Material supplied -
=-=-=-=-=
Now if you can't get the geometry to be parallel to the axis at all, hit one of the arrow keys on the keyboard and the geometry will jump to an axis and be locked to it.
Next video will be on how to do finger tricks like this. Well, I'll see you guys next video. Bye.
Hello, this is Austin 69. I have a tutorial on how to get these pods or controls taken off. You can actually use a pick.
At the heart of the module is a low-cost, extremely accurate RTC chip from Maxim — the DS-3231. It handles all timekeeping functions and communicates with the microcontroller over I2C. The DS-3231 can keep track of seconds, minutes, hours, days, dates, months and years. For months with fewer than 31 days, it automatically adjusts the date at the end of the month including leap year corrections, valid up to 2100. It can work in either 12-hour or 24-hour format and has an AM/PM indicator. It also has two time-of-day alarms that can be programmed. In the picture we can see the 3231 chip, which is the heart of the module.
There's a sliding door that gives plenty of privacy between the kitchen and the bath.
=-=-=-=-=
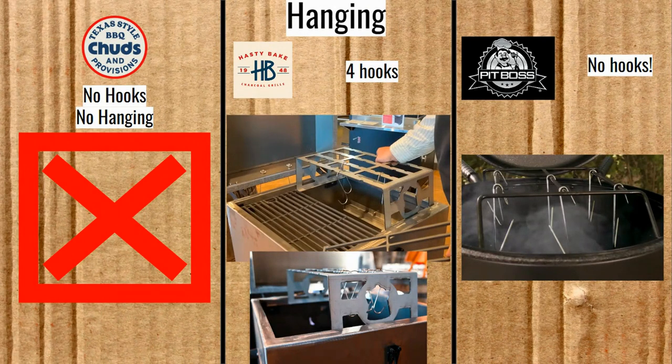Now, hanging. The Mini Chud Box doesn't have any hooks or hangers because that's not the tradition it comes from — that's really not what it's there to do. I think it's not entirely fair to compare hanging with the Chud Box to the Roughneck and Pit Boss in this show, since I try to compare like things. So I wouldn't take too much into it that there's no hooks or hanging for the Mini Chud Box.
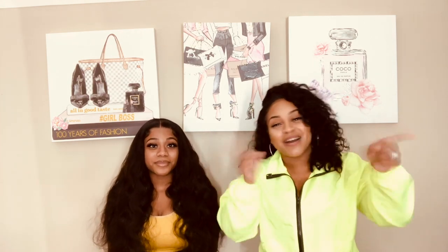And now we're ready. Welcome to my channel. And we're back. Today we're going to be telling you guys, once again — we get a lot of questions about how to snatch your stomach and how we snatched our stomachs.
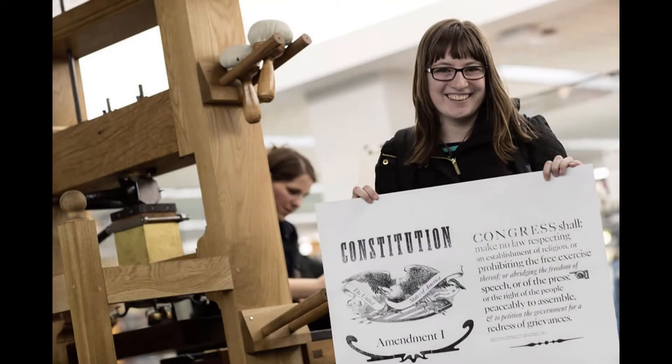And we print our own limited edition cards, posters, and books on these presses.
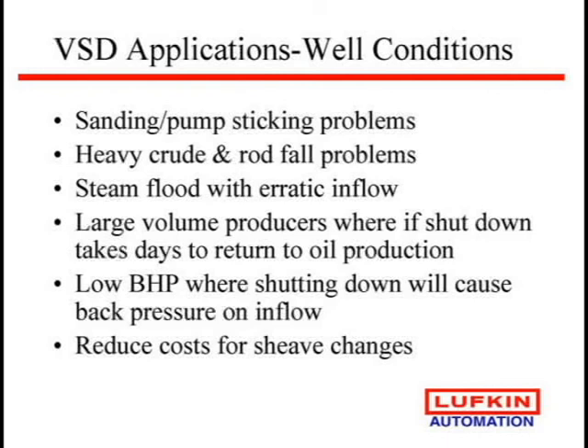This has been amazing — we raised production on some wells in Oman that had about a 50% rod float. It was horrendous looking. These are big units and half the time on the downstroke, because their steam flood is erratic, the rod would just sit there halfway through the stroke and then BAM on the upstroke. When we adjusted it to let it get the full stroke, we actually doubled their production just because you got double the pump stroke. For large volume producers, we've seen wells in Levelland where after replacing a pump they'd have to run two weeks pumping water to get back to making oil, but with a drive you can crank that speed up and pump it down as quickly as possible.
=-=-=-=-=
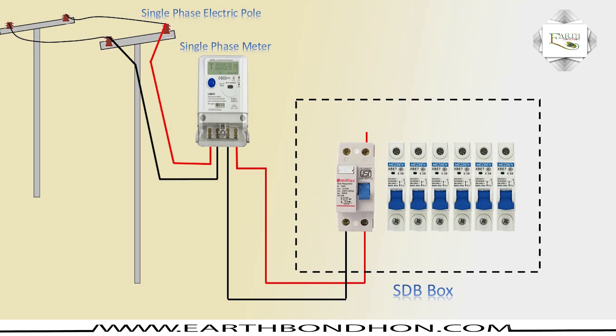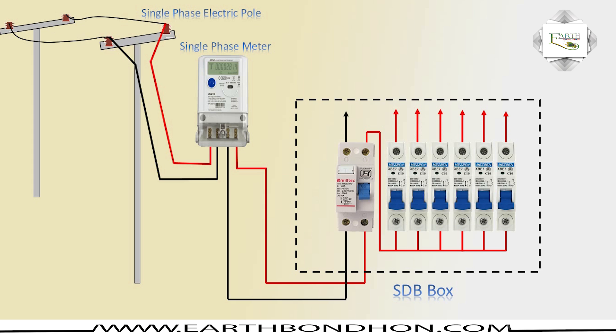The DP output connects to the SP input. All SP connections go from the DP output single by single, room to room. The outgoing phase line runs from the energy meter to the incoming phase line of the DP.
=-=-=-=-=
About this task - Your answer should consist of the lines of the listing that contain "will", copied as they stand.

Task result -
Now if you can't get the geometry to be parallel to the axis at all, hit one of the arrow keys on the keyboard and the geometry will jump to an axis and be locked to it.
Next video will be on how to do finger tricks like this. Well, I'll see you guys next video. Bye.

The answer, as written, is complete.